Still, there’s no question that Cheers is a liberal show. Cheers was set in a Boston bar, but it was truly a soft culture clash in the mold of All in the Family, although it was far more sympathetic to blue-collar sensibilities. Sam Malone (Ted Danson, a major liberal in his own right) is a dog, a feminist caricature of men. “He’s a spokesman for a large group of people who thought that [the women’s movement] was a bunch of bull and look with disdain upon people who don’t think it was,” explained Glen Charles.82 Diane Chambers (Shelley Long) was the conscience of the show, a liberal woman and solid feminist who constantly won the morality game with Sam and the rest of the boys, even if she was mocked during the process.
Episodes pushing the liberal agenda in a soft and funny manner peppered the first season. The episode “The Boys in the Bar” centered on the breaking news that one of Sam’s old teammates—a former roommate—had come out of the closet in his autobiography. The regulars at the bar encourage Sam to reject his former roommate, fearing that the bar will turn into a gay hotspot. Sam comes out in favor of his roommate, and a gay couple shows up at the bar. Norm (George Wendt) and Cliff (John Ratzenberger) try to chase the gay couple out, but target the wrong couple. The gay couple ends up kissing Norm on the cheek at the end of the episode, demonstrating just how wrong and silly he is.
The co-writer of the episode, Ken Levine, told an illuminating tale about the filming. The network hesitated, but, “To their credit, the Charles Brothers and Jim Burrows did not back away.” The cast loved it; Ted Danson told Levine not to change a word. During the run-through, the crew laughed hysterically. “And by far the biggest [laugh] was the last joke where the two guys flanking Norm kiss him,” Levine recalled. But when it came time for the live filming, “Silence. Dead silence. You could hear crickets. It wasn’t like some people got it and others didn’t. Nobody laughed.

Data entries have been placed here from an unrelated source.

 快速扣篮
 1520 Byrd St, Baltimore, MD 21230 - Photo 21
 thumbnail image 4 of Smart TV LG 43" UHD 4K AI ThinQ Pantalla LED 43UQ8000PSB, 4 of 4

Not a single person. . . . No one had an explanation.”83 Of course, the explanation was simple: The last laugh was simply too awkward for the general public. But in the world of Hollywood, if your buddies get you, everyone else must, too.
The fact that the show was always about the clash of low and high culture, represented by Diane and Sam respectively, and that high culture generally won out in terms of prevailing morality, meant that the Cheers universe skewed left. Nonetheless, there were clear rumblings in the Cheers universe that something was amiss in the lower-class conservative vs. elitist liberal universe. The show’s angst about Diane’s education and her tendency toward looking down her nose at Sam presented the first inkling of the yuppie conundrum that would haunt liberals throughout the 1980s. The 1960s generation that had rejected capitalism as exploitative was all grown up, and they were suffering from the cognitive dissonance of wanting monetary success. This was the same conflict that would permeate television throughout the decade in shows ranging from thirtysomething to Family Ties—how could the left, with all of its socialist tendencies, reconcile its proletariat principles with its elitism? The answer on Cheers lay in the synthesis of Sam and Diane. She eventually began to outgrow her disdain for Sam and to learn from his blue-collar authenticity, and he began to respect her intelligence as well as her beauty.
As early as season one, the synthesis was taking place. Take, for example, the season-one episode “No Contest.” The episode concerns the Miss Boston Barmaid contest, a beauty competition among Boston waitresses. “These contests perpetuate the attitude that women are mere objects to be judged and ranked in respect to how well they serve men,” Diane says. Sam secretly nominates Diane, and Diane decides to take part only if she can push the feminist agenda by winning. When Sam discovers what she’s doing, she tells him, “Sam, some day, you will realize that I am doing the right thing.” “Why do you always have to do the right thing?” Sam replies. She wins the contest and a bevy of prizes, including a trip for two to Bermuda. She gets so excited she forgets to make her speech. But never fear, she gets to moralize: “I sold out womankind for a trip to Bermuda,” she laments, before realizing that she has also been able to shake herself out of the uptight sexuality she normally inhabits. At the end of the episode, Sam proposes that Diane take him with her to Bermuda; she’s hot on the idea until he pledges to be a gentleman. It seems that he’s taught her too well—she’s now the sexualized feminist, the liberated woman.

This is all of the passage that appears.